What happens to toy makers without Toys R Us?

Eric Gay / AP

In this Sept. 19, 2017, file photo, shoppers walk into a Toys R Us store, in San Antonio, Texas.

NEW YORK — The likely liquidation of Toys R Us, the nation's largest independent toy seller, could add stress for the companies that make toys and games, and mean changes for the owners of the strip malls where most of its stores are.

Not to mention its impact on more than Toys R Us's 30,000 U.S. workers

Here's a look.

WHAT HAPPENS TO TOY MAKERS?

Toy companies, both big and small, will lose a place to test new toys. Toys R Us was a launchpad for emerging trends and toys, such as ZhuZhu Pets, which were the must-have holiday toy in 2008.
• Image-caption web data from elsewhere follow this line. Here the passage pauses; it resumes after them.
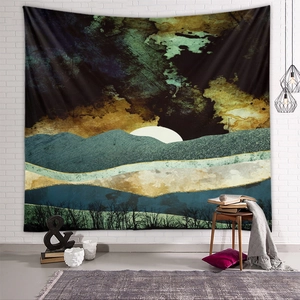 Detail of abstract landscape tapestry showing mountain peaks and white moon on a white wall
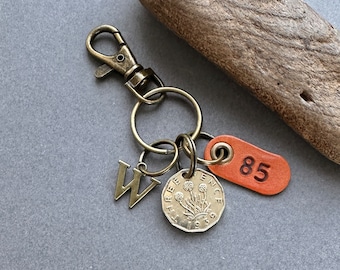 85th birthday gift, 1939 British threepence coin with a choice of initial and number 85 leather tag with keyring or clip fastening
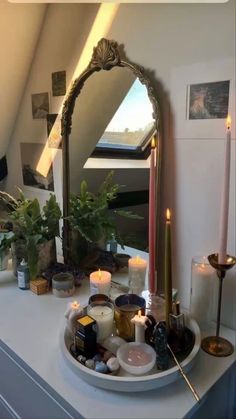 candles are arranged on a tray in front of a mirror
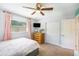 Bright bedroom with ceiling fan, large closet, and dresser with natural light at 6490 22Nd S St, St Petersburg, FL 33712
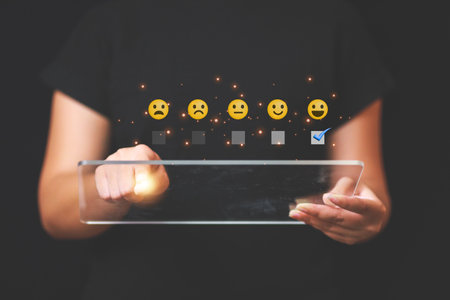 Customer pressing satisfaction with gold five star rating feedback icon and press level excellent rank for giving best score point to review the service , experience success business rate  concept.の写真素材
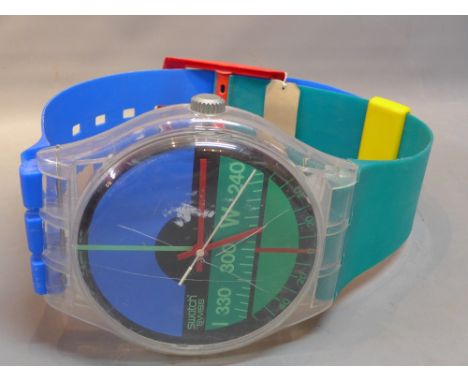 A Swatch wall clock in the from of a wrist watch, dated 1987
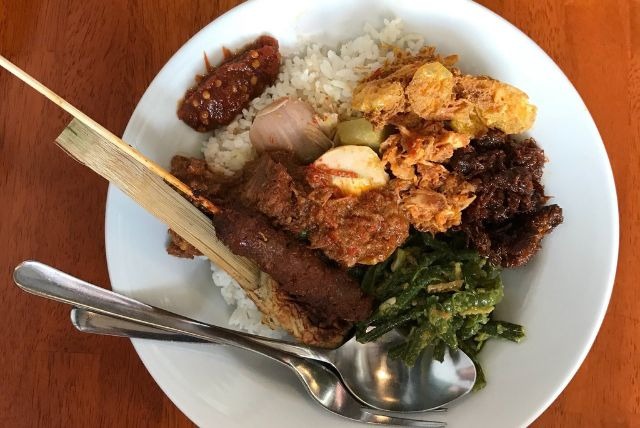 Sepiring Nasi Campur Bali Warung Wardani berisi sate lilit, ayam suwir, telur pindang, tempe dan kentang crispy, udang, dan sayuran lengkap.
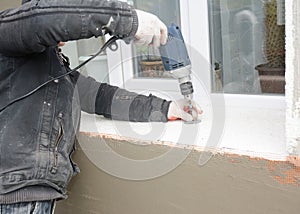 Building contractor drilling hole for insulation plastic holder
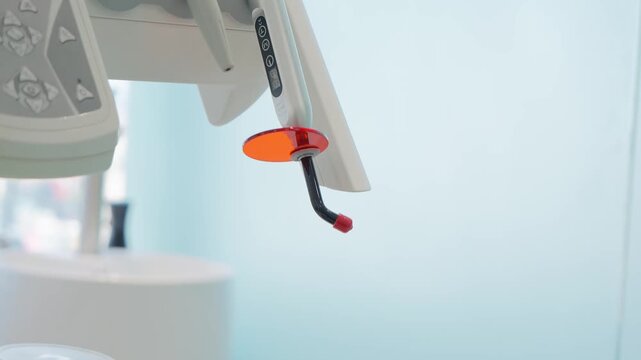 Close-up of a modern dental unit with various professional instruments. The focus is on a dental polymerization curing light in a clean clinic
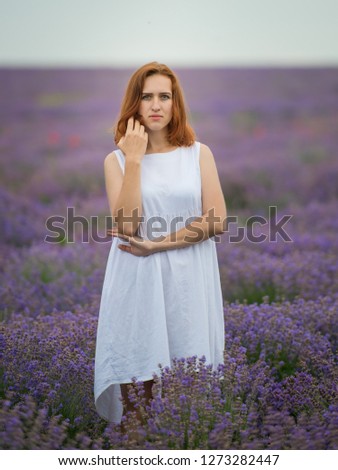 Young girl in white dress, posing in a lavender field.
"Toys R Us was known as an incubator," said Jim Silver, editor-in-chief of toy review site TTPM.com.

The toy makers will also have to find new places to sell their goods. The bigger toy makers — Hasbro and Mattel — will likely hurt at first, but then find their footing at Walmart, Target and Amazon, says Richard Gottlieb, a consultant at Global Toy Experts.

Toys R Us accounts for about 11 percent of Mattel's annual sales and about 9 percent of Hasbro's annual volume, analysts estimate. Both have posted lackluster financial results of late, and there was talk last year about the possibility of a merger between them.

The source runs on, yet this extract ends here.